Data compiled by the Canadian Centre for Policy Alternatives shows average pay for Canada’s top CEOs reached $8 million in 2012. That’s 379 times what a minimum wage worker is paid.

Canada’s highest paid CEO, Hunter Harrison of Canada Pacific Railway, received $49.1 million in 2012—more than 2,300 times what minimum wage workers were paid. CEO salaries have increased by 73 per cent since 1988, compared to just 6 per cent for average workers’ wages, and those numbers account for inflation.

The idea of a maximum wage isn’t new. During the Second World War, U.S. President Franklin Roosevelt proposed a maximum salary of $25,000 (about $350,000 in current dollars). It wasn’t enacted, but the U.S. and Canada did introduce progressive tax rates of up to 90 per cent on top incomes through to the 1970s. These changes didn’t hurt the economy either. Rather, this economic period is often considered the “golden age of capitalism,” where economic growth and productivity were much stronger than our current age of corporate greed.

The proposal was revived in the 1990s by U.S. labour activist Sam Pizzigati.

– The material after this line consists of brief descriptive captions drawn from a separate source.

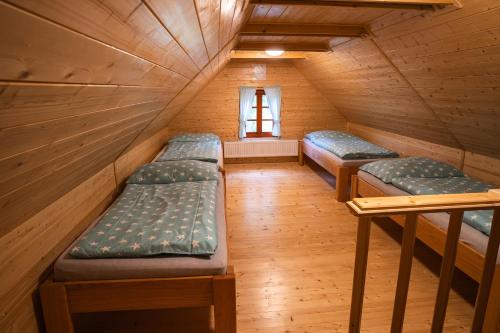 a room with three bunk beds in a cabin at Chata Říp in Rokytnice nad Jizerou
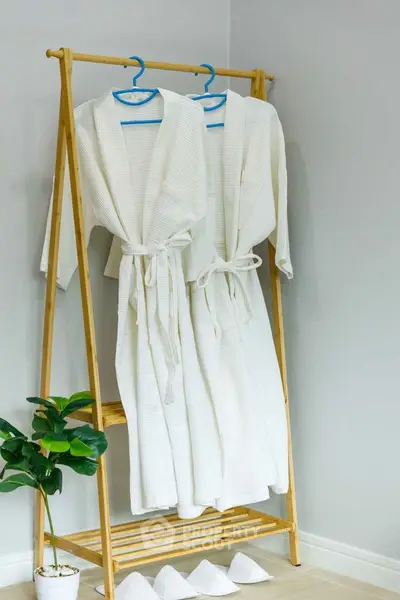 Elegant bathroom with stylish robes on wooden rack and modern decor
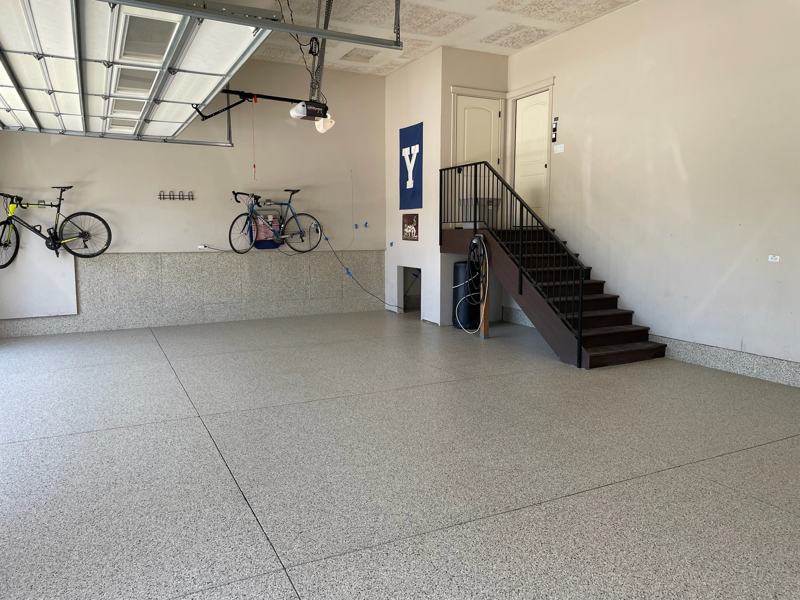 Light gray and tan flake floor with flake wall section under hanging bikes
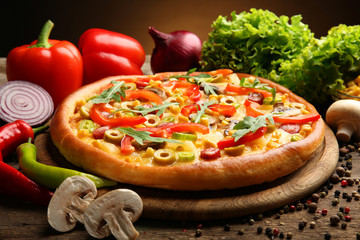 Delicious pizza with vegetables on brown background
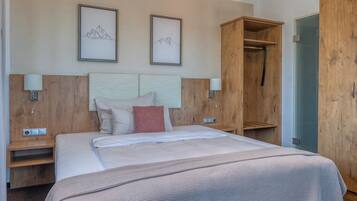 A hotel room with a large bed, wooden wardrobe, bedside tables, and wall-mounted artwork.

He proposed that the richest and most powerful would have a vested interest in raising the wages of the lowest paid, instead of stomping on them.

A proposal to cap the pay of executives at only 12 times the pay of their lowest paid workers gained enough support to be put to a referendum in Switzerland late last year. It was defeated by about 65 per cent to 35 per cent, but the level of support was not insignificant.

At least the Swiss are putting the question to the people.